Poco tiempo antes de ponerse mal, estuvo en la Sala Manuel M. Ponce del Palacio de Bellas Artes en un ciclo llamado Literatura en voz alta. Lo entrevistó Hernán Lara Zavala, por supuesto. La entrevista fue amena, divertida, interesante. Rafael habló con soltura de su vida y sus pasiones: de los toros a la literatura. Lo que más le importaba en la vida, decía, era la literatura y a ella dedicaba el día completo. Al finalizar, supimos que le acababan de diagnosticar el mal que no pudo domar pero ante el cual no se dejó vencer, porque hasta el último momento estuvo pendiente del futuro de los que dejaba: su familia, Conchis.
Cuando en 1989 solicité el auditorio del Foro de Coyoacán para presentar mi novela La familia vino del norte, me lo negaron. La razón: era una novela “política”. “¿Política?” Lo comenté esa noche en una reunión donde estaba presente Rafael.
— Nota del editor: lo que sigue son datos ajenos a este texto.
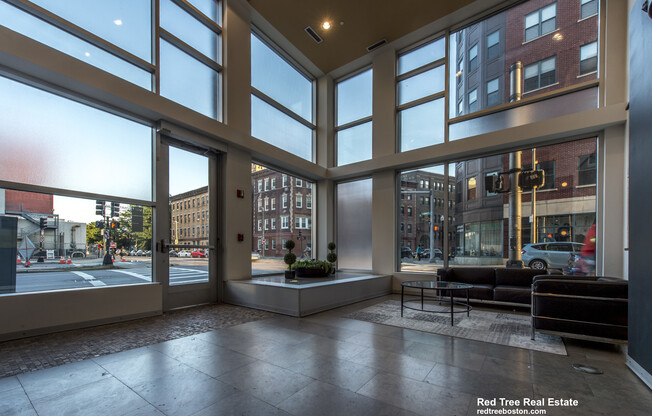 160 East Berkeley St. #519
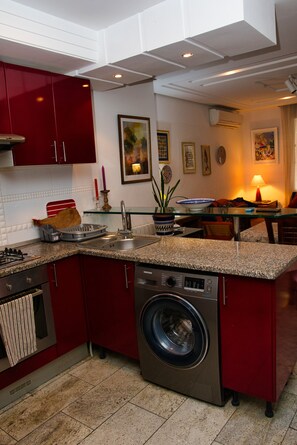 Réfrigérateur, four à micro-ondes, un four, surface de cuisson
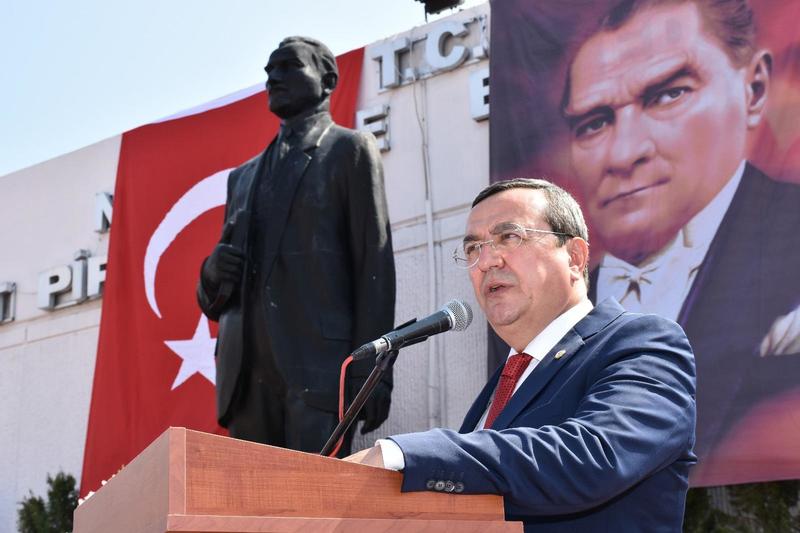 Başkan Batur'dan 30 Ağustos mesajları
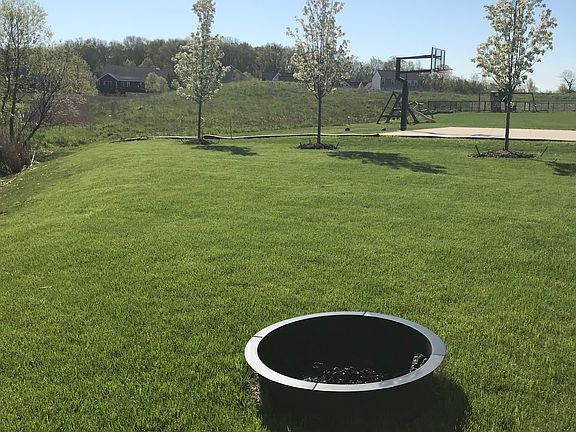 5th image of 4428 Caspian Dr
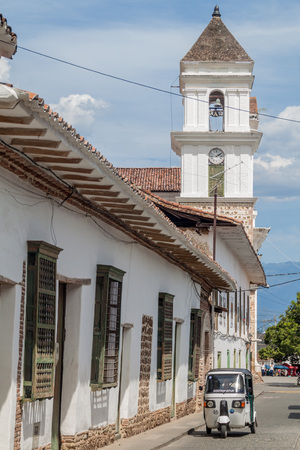 SANTA FE DE ANTIOQUIA, COLOMBIA - SEPTEMBER 3, 2015: Old colonial houses in Santa Fe de Antioquia, Colombia.のeditorial素材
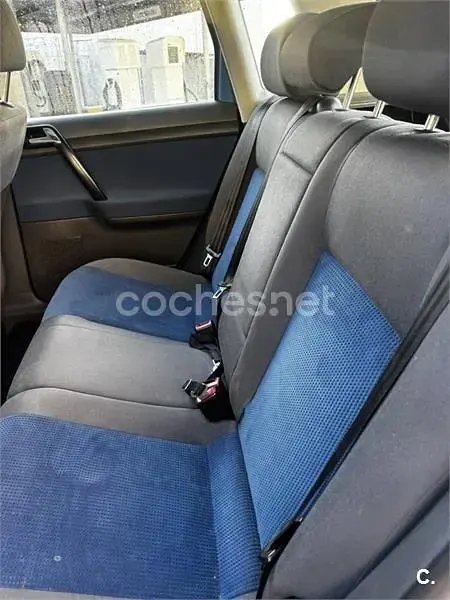 Usado VW Polo Highline 80 CV (58 kW) 2008 Azul Utilitario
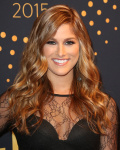 Cassadee Pope  VCd9n4fA_t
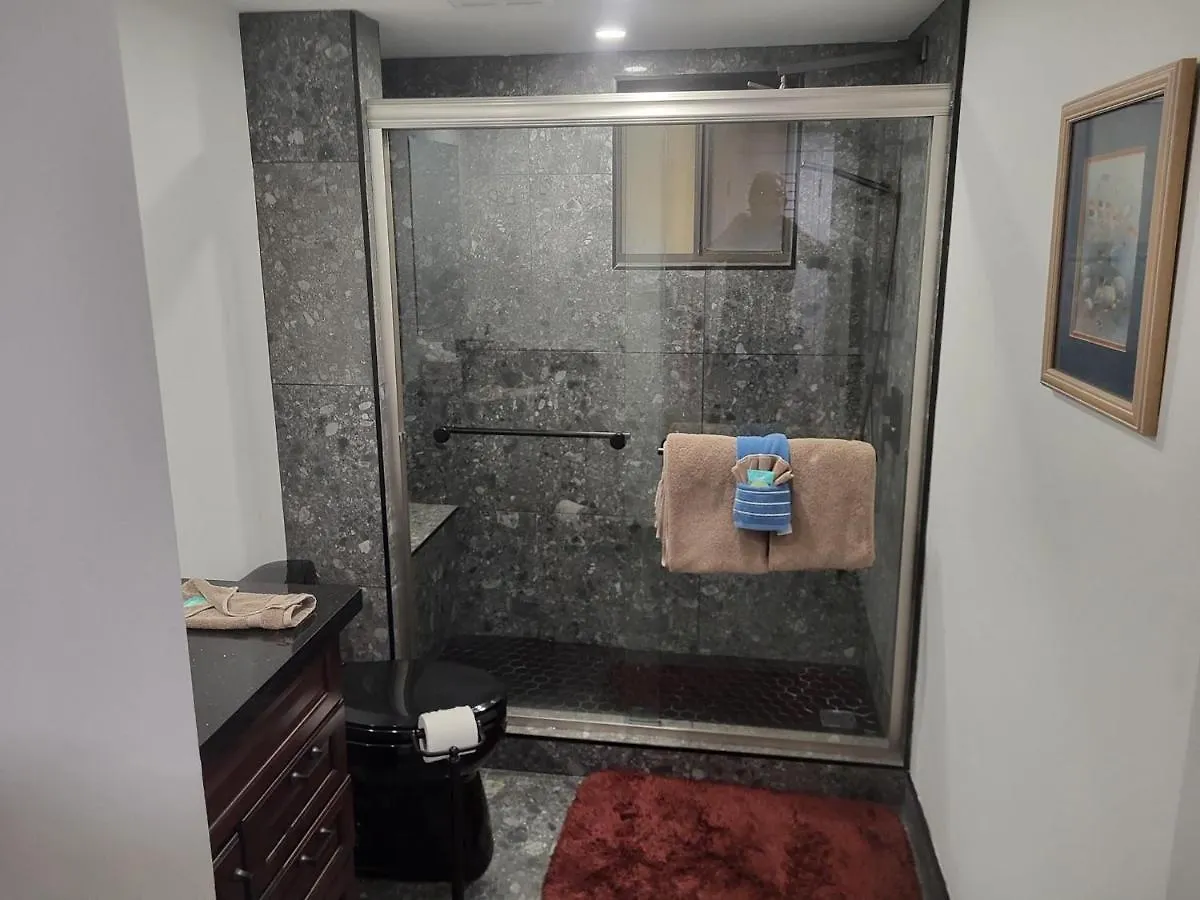 Beautifully Renovated Summer Of 2020 Come And Enjoy This Lovely Unit Key West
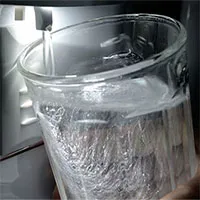 Cách xử lý mùi lạ của nước khi để trong tủ lạnh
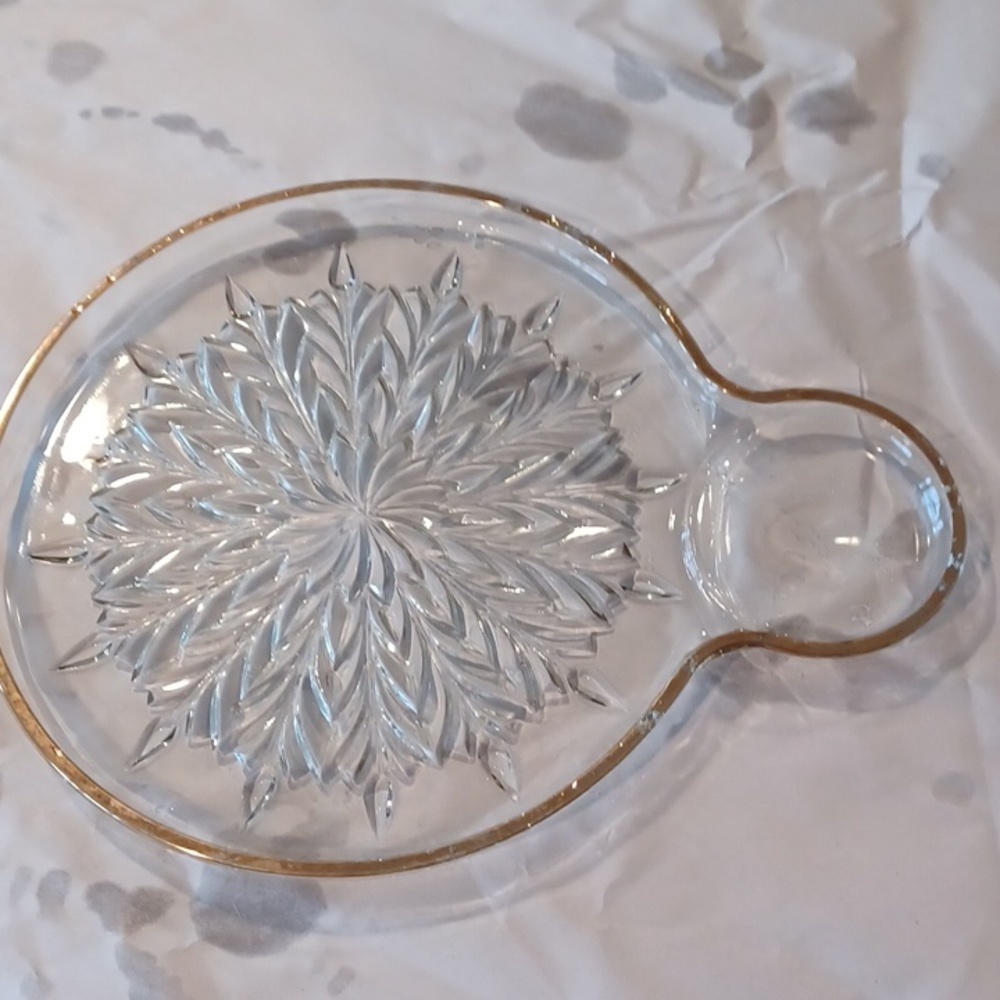 Vintage Jeanette Glass Snack Plate with Gold Trim, Feathers pattern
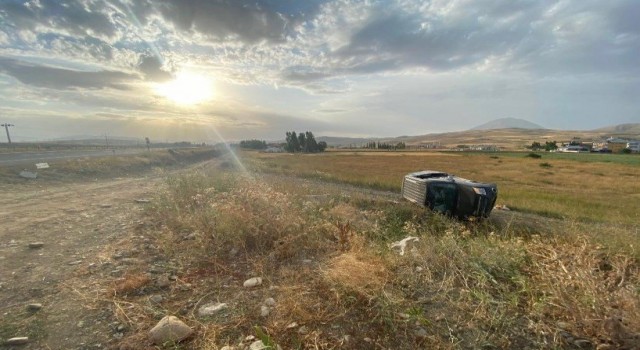 Ağrıda kamyonet şarampole uçtu: 5 yaralı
Al día siguiente me llamaron de la Delegación para ofrecerme el Foro; me dijeron que había habido una equivocación. En el acto me imaginé que había sido él quien había arreglado el problema. Le llamé curiosa. Su respuesta fue: “Para eso somos los amigos, Silvia. Allí vamos a estar todos los cuates”.
A veces hablamos de él Hernán y yo. Como que uno no se acostumbra fácilmente a la partida de los amigos. Además, hay pocos personajes en la literatura mexicana tan intensos como él. En realidad era un personaje, un personaje que fue surgiendo de su propia literatura, fortalecido y complejo; un ser humano que se fue echando a la bolsa a mucha gente por su entrega y su generosidad.